Para bhikkhu, 50 tahun alam manusia setara dengan sehari semalam para Dewa Catumaharajika. Tiga puluh ‘hari’ demikian adalah sebulan. Dua belas ‘bulan’ demikian adalah satu tahun. Usia para Dewa Catumaharajika adalah 500 ‘tahun’ demikian. Besar kemungkinan, para bhikkhu, ada pria atau wanita tertentu, setelah mengamalkan uposatha berunsur delapan, apabila badan jasmaninya hancur sesudah meninggal dunia, akan terlahir kembali di antara para Dewa Catumaharajika. Inilah, para bhikkhu, yang tersirat dalam ungkapan ‘bila dibandingkan dengan kebahagiaan surgawi, kerajaan manusia sungguh tiada nilainya.’

 

Para bhikkhu, 100 tahun alam manusia setara dengan sehari semalam para Dewa Tavatimsa. Tiga puluh ‘hari’ demikian adalah sebulan. Dua belas ‘bulan’ demikian adalah satu tahun. Usia para Dewa Tawatimsa adalah 1.000 ‘tahun’ demikian. Besar kemungkinan, para bhikkhu, ada pria atau wanita tertentu, setelah mengamalkan uposatha berunsur delapan, apabila badan jasmaninya hancur sesudah meninggal dunia, akan terlahir kembali di antara para Dewa Tavatimsa. Inilah, para bhikkhu, yang tersirat dalam ungkapan ‘bila dibandingkan dengan kebahagiaan surgawi, kerajaan manusia sungguh tiada nilainya.’

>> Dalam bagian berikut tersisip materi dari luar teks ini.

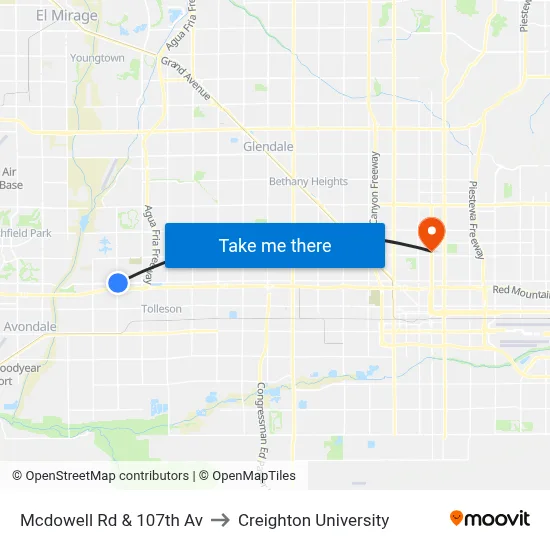 Mcdowell Rd & 107th Av to Creighton University map
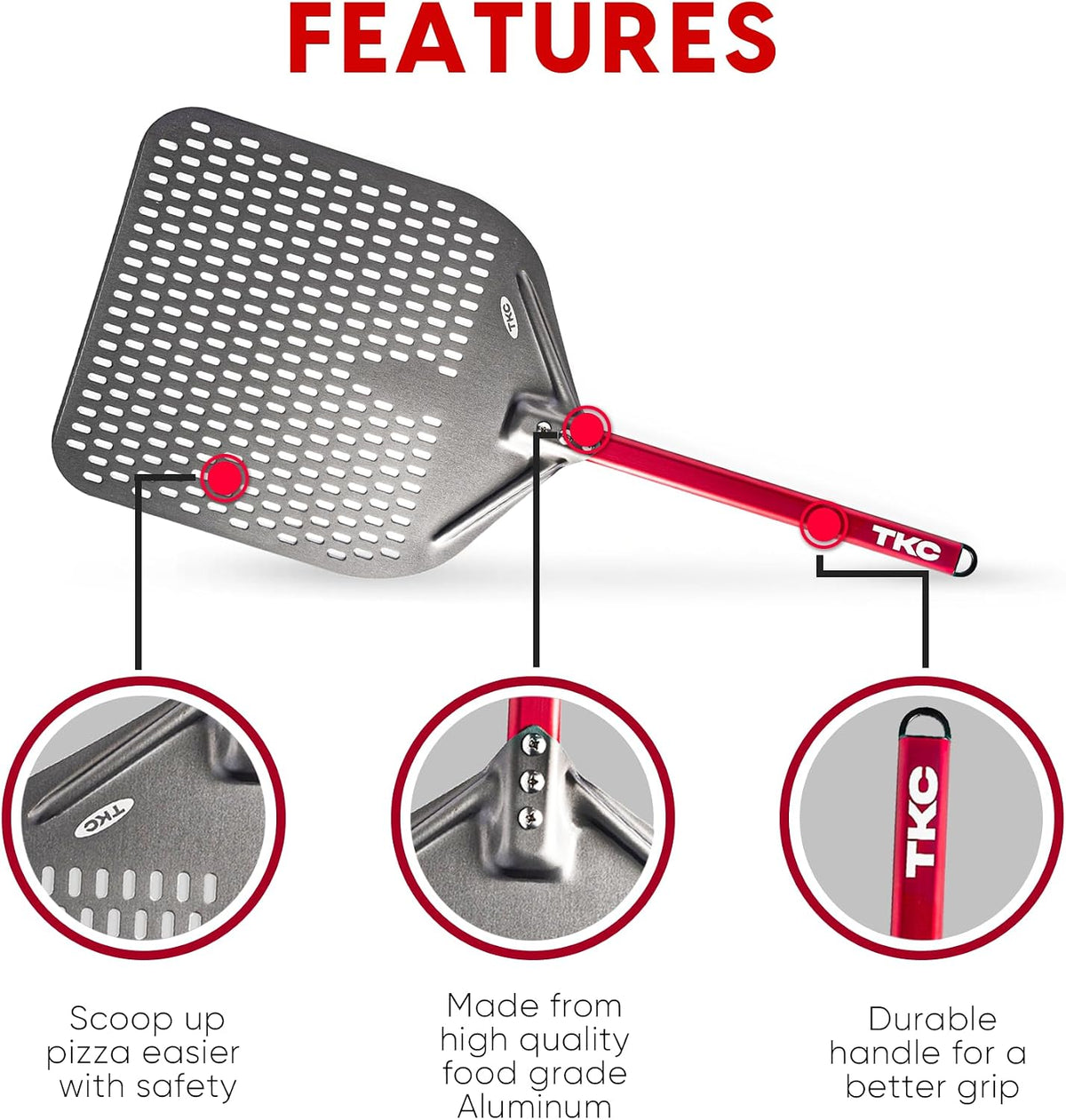 TKC Perforated Pizza Peel – 12" or 14"
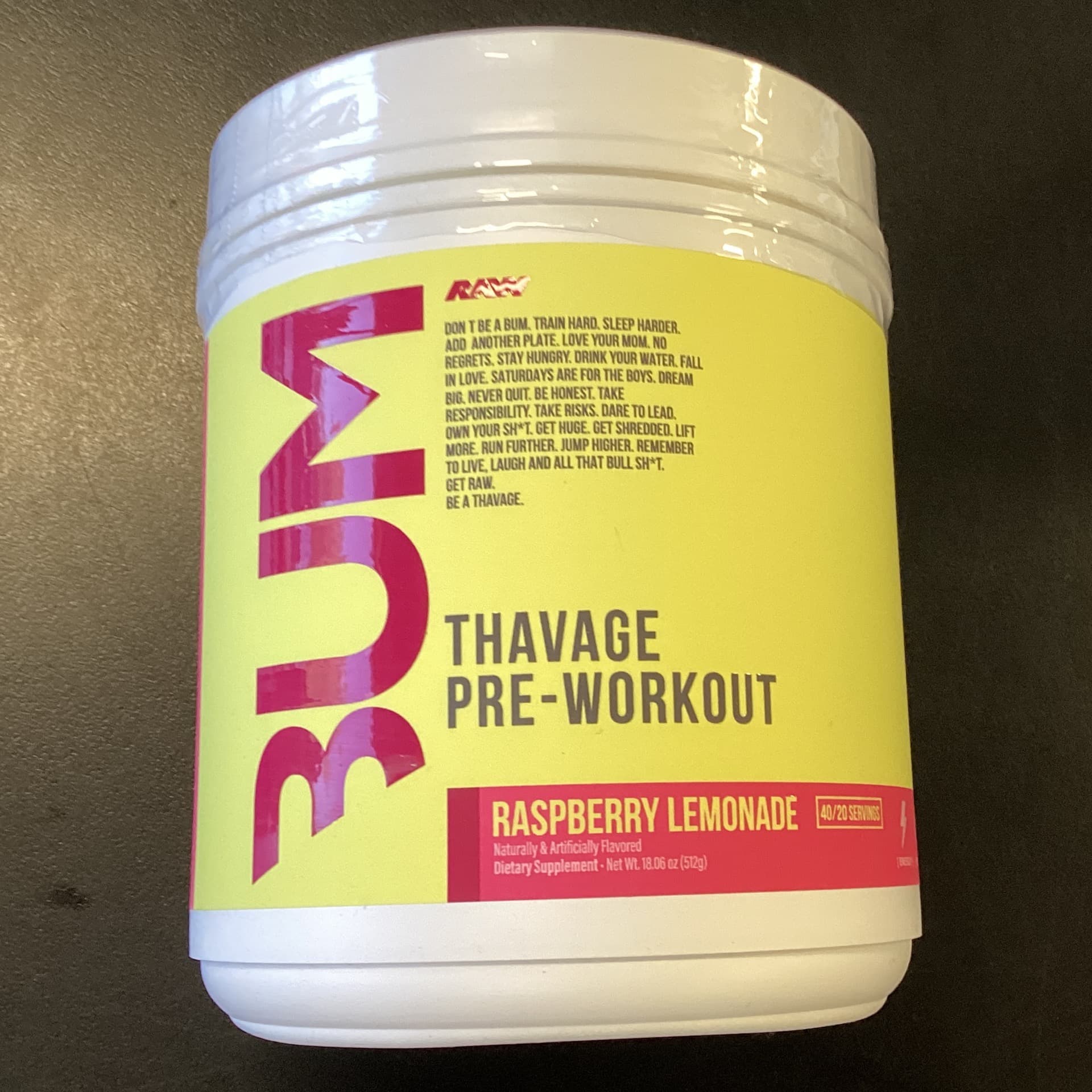BUM THAVAGE PRE WORKOUT Raspberry Lemonade
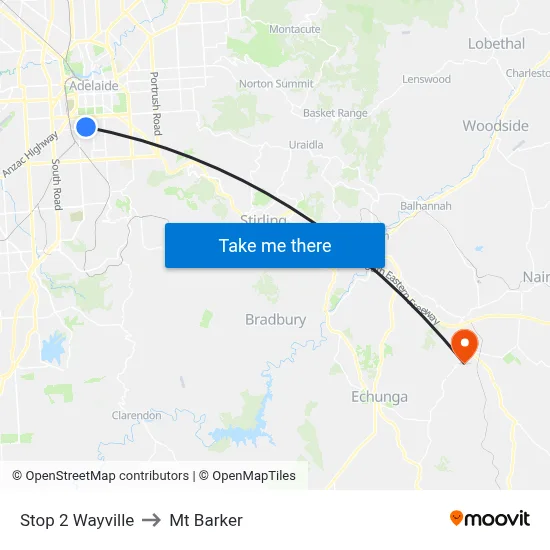 Stop 2 Wayville to Mt Barker map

Para bhikkhu, 200 tahun alam manusia setara dengan sehari semalam para Dewa Yama. Tiga puluh ‘hari’ demikian adalah sebulan. Dua belas ‘bulan’ demikian adalah satu tahun. Usia para Dewa Yama adalah 2.000 ‘tahun’ demikian. Besar kemungkinan, para bhikkhu, ada pria atau wanita tertentu, setelah mengamalkan uposatha berunsur delapan, apabila badan jasmaninya hancur sesudah meninggal dunia, akan terlahir kembali di antara para Dewa Yama. Inilah, para bhikkhu, yang tersirat dalam ungkapan ‘bila dibandingkan dengan kebahagiaan surgawi, kerajaan manusia sungguh tiada nilainya.’

Para bhikkhu, 400 tahun alam manusia setara dengan sehari semalam para Dewa Tusita. Tiga puluh ‘hari’ demikian adalah sebulan. Dua belas ‘bulan’ demikian adalah satu tahun. Usia para Dewa Tusita adalah 4.000 ‘tahun’ demikian. Besar kemungkinan, para bhikkhu, ada pria atau wanita tertentu, setelah mengamalkan uposatha berunsur delapan, apabila badan jasmaninya hancur sesudah meninggal dunia, akan terlahir kembali di antara para Dewa Tusita. Inilah, para bhikkhu, yang tersirat dalam ungkapan ‘bila dibandingkan dengan kebahagiaan surgawi, kerajaan manusia sungguh tiada nilainya.’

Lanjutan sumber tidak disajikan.